A ilha de Bali está se afogando em lixo, mas dois hotéis acharam uma solução

Sem sistema de gestão de resíduos, projeto comunitário tenta resolver o problema do lixo com centros de reciclagem

Crédito: Johannes P. Christo/ Agência Anadolu

Elissaveta M. Brandon 4 minutos de leitura

Bali parece duas ilhas em uma: de um lado, um paraíso radiante, onde o verde dos campos encontra as praias cristalinas; do outro, um lugar com trânsito intenso, lotado de turistas e afundado em lixo. Em meio a essa disputa entre o paraíso e o plástico, uma nova iniciativa busca trazer de volta a limpeza que Bali merece.

Um centro comunitário de tratamento de resíduos acaba de ser inaugurado próximo ao maior aterro sanitário da ilha. Com dois mil metros quadrados e capacidade para processar até 10 toneladas de resíduos por dia, o centro fica em uma região famosa pela constante presença de turistas – e, consequentemente, pelo alto nível de poluição.

Conhecido como Projeto Comunitário de Resíduos, ele funciona como uma organização sem fins lucrativos, reinvestindo todo o lucro na própria comunidade. Por uma taxa mensal, empresas locais podem desviar a maior parte de seus resíduos dos aterros sanitários, enviando-os para o centro, onde são devidamente processados. Dessa forma, elas conseguem reduzir sua pegada de carbono e – com sorte – ajudar a evitar que Bali continue se afogando em lixo.

Até o momento, sete empresas da região de Seminyak já aderiram, incluindo hotéis e clubes que, embora sejam concorrentes, compartilham o mesmo objetivo. “Lixo zero é uma jornada, não uma competição”, afirma Amanda Marcella, diretora de sustentabilidade do eco resort Potato Head, que lidera o projeto.

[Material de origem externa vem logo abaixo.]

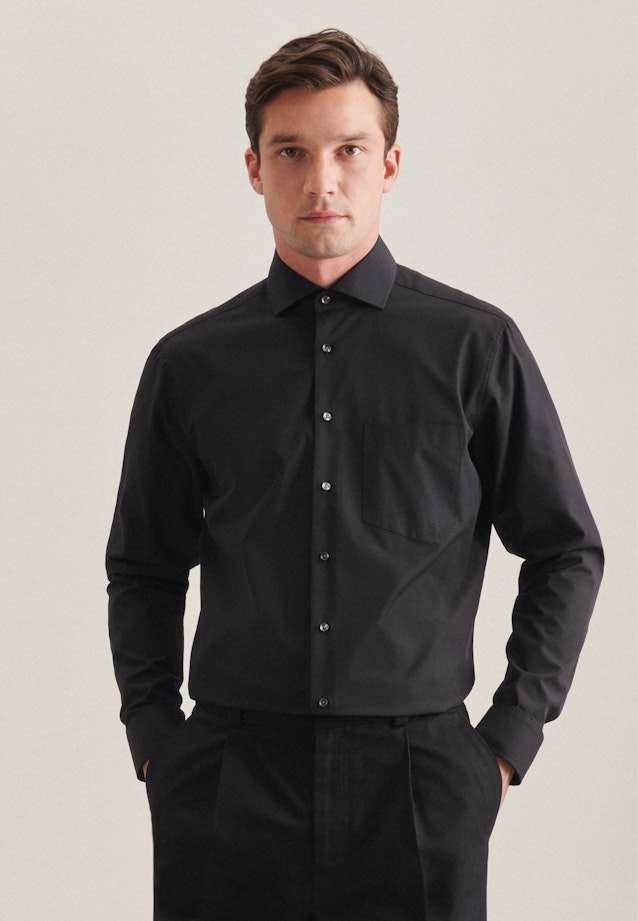 Regular Business Hemd Uni in Schwarz |  Seidensticker Onlineshop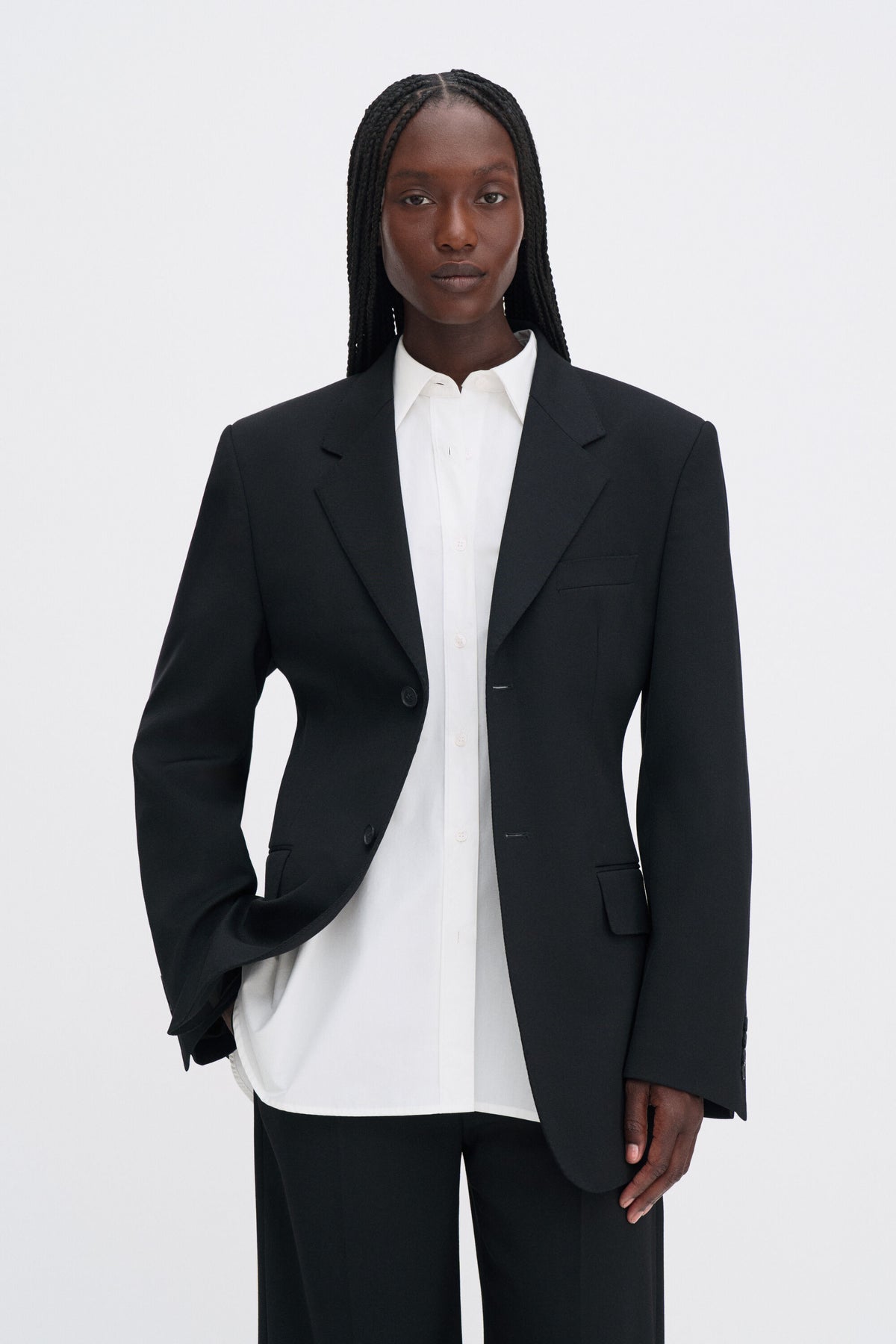 Hourglass Blazer Anthracite Pinstripe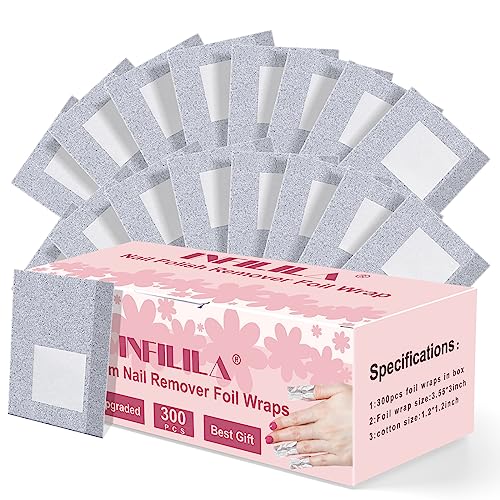 NXJ INFILILA 300 Pcs Gel Nail Polish Remover Foil Wraps with Cotton Pads
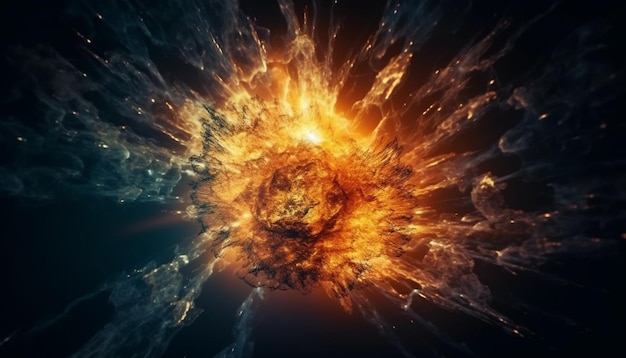 写真 ai によって生成された燃えるような自然現象で、爆発的なビッグバンが抽象的な銀河に点火する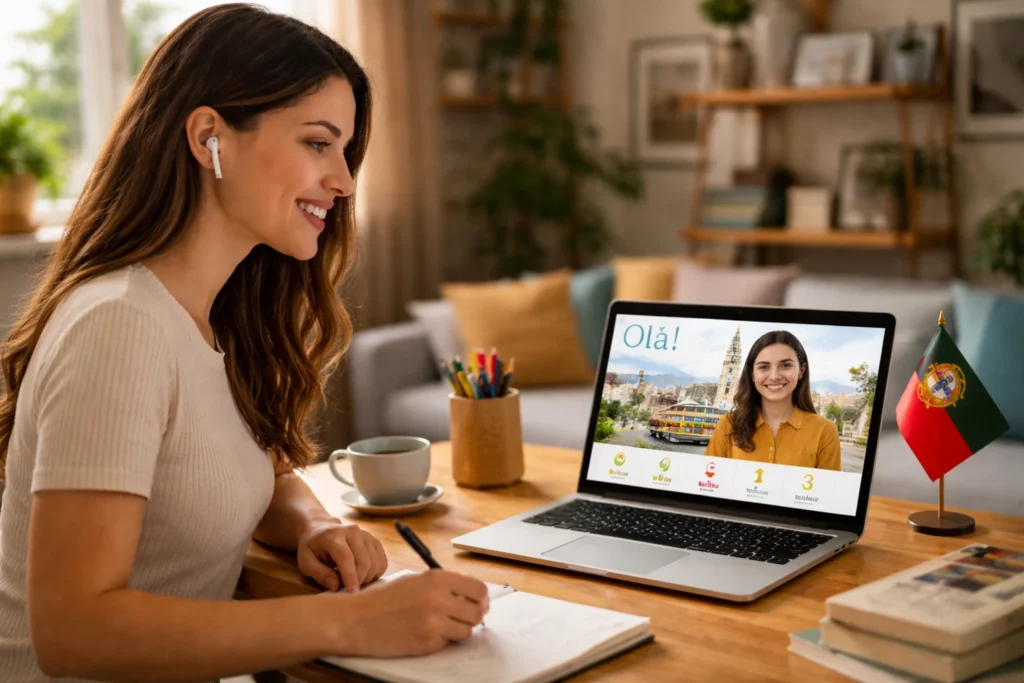 A beginner student taking an online European Portuguese lesson at home, illustrating Portuguese for Beginners online and private language learning support.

Se o modelo for bem-sucedido, poderá ser replicado em toda a ilha. “Não conseguimos resolver os problemas de reciclagem sozinhos. Acreditamos que, juntos, podemos transformar Bali em uma ilha livre de lixo.”

DE MAR DE LIXO A REDUÇÃO SIGNIFICATIVA

Hoje, a ilha está repleta de lixo. Bali produz 1,6 milhão de toneladas de resíduos por ano, sendo 330 mil toneladas apenas de plástico. Grande parte não é coletada, permanecendo nas estradas, indo parar nos rios, invadindo as praias e chegando ao mar.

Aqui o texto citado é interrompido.